In my experience, the problem lies in the CVSS scoring system. It's designed to score one vulnerability at a time, ignoring real-world context. The infrastructure behind the scores is buckling under the weight of 48,185 disclosed CVEs in 2025, a 20.6% year-over-year increase. The NVD will now prioritize enrichment for KEV and federal critical software only - a move that raises more questions than answers.
Read also: Big News: XChat Revolutionizes Messaging on X with Enhanced Security Features. The XChat example shows how security can be enhanced, but the CVSS system remains a concern. The fact that CVSS base scores are theoretical measures of severity that ignore real-world context is a major issue. Using CVSS base scores alone for prioritization is the least apt and accurate method, as Chris Gibson, executive director of FIRST, has pointed out.
There are five triage failure classes that CVSS was never designed to catch: chained CVEs that look safe until they aren't, nation-state adversaries who weaponize patches within days, stockpiled CVEs that nation-state actors hold for years, identity gaps that never enter the scoring system, and AI-accelerated discovery that breaks pipeline capacity. The Palo Alto pair from Operation Lunar Peek is a textbook example of chained CVEs. CVE-2024-0012 bypassed authentication, while CVE-2024-9474 escalated privileges. Scored separately, the escalation flaw filtered below most enterprise patch thresholds because admin access appeared required.
Read also: Aircraft Seating Market Soars to $14.01 Billion by 2031: Exploring the Tech Behind the Boom. The aircraft seating market may seem unrelated, but the tech behind it can inform our understanding of cybersecurity. The fact that adversaries can chain vulnerabilities together to achieve a greater impact is a major concern. The CrowdStrike 2026 Global Threat Report documented a 42% year-over-year increase in vulnerabilities exploited as zero-days before public disclosure.

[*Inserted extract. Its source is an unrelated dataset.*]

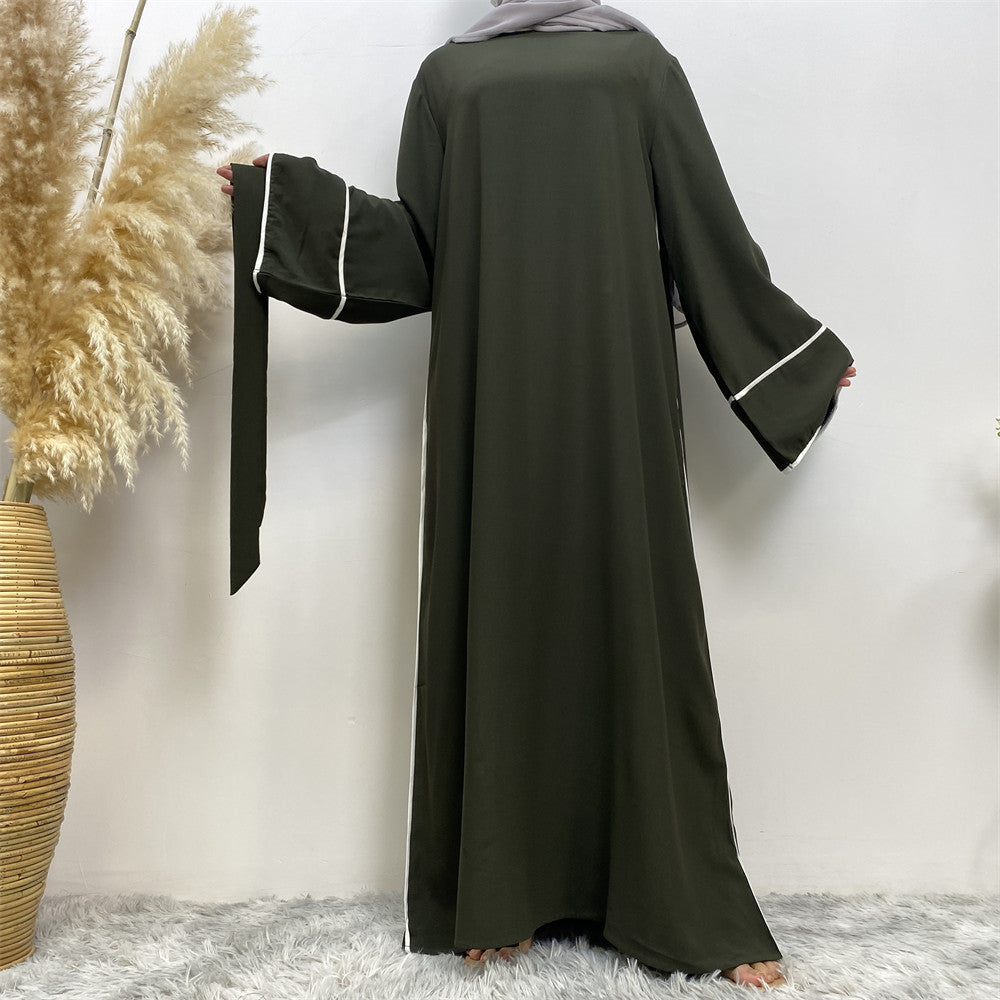Plain Islamic Modest Dress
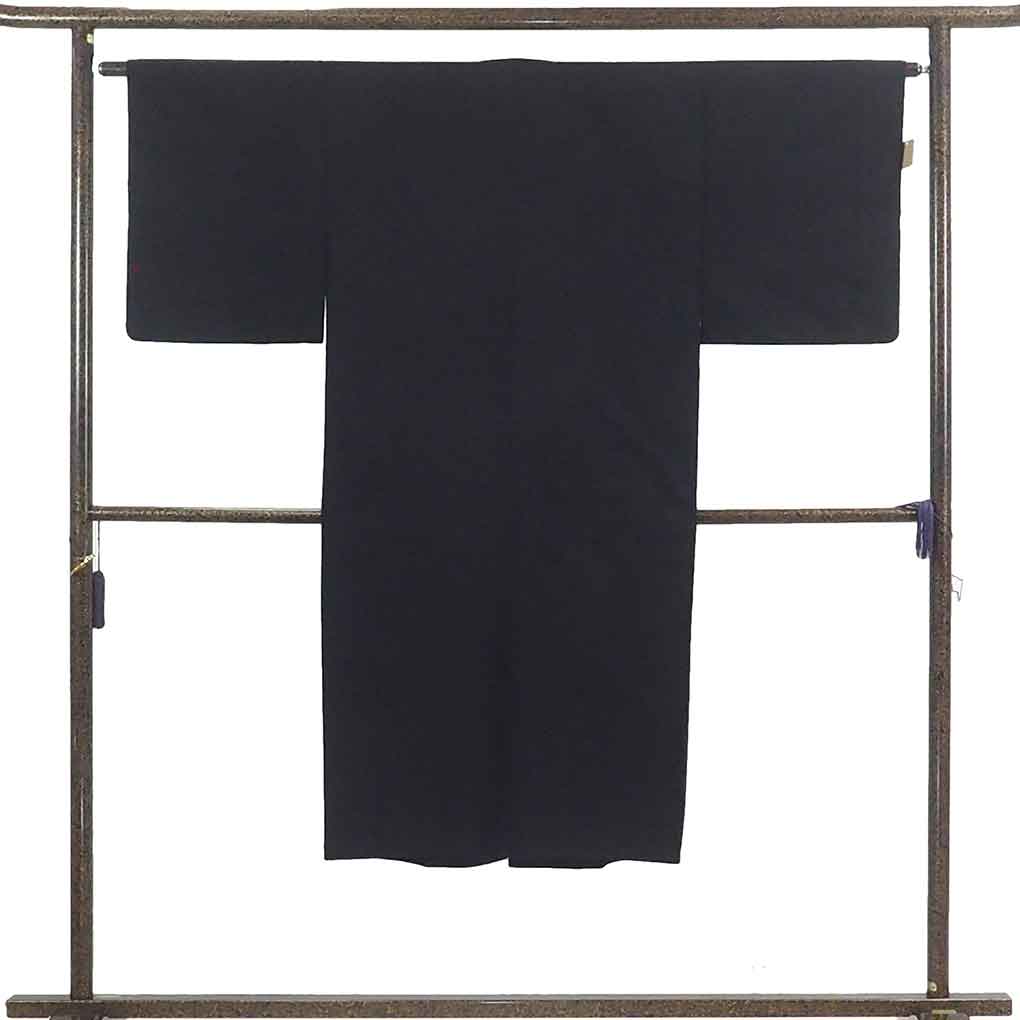 未使用小紋身丈158,5㎝裄63㎝20-1490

The solution lies in a multi-faceted approach. Security directors must run a chain-dependency audit on every KEV CVE in the environment, compress KEV-to-patch SLAs to 72 hours for internet-facing systems, build a monthly KEV aging report for the board, add identity-surface controls to the vulnerability reporting pipeline, and stress-test pipeline capacity at 1.5x and 10x current CVE volume. Read also: Big News: IRS Taps Palantir to Crack Down on Financial Crimes. The IRS example shows how security can be enhanced through the use of cutting-edge technology.
Breaking the Chain: A New Approach to Cybersecurity
The recent developments in the cybersecurity world have made one thing clear - the current approach to vulnerability management is broken. It's time for a new approach, one that takes into account the potential for chained exploits and the limitations of the CVSS scoring system. By acknowledging these limitations and taking a more holistic approach to cybersecurity, we can stay one step ahead of the adversaries and protect our systems from the hidden dangers of chained exploits.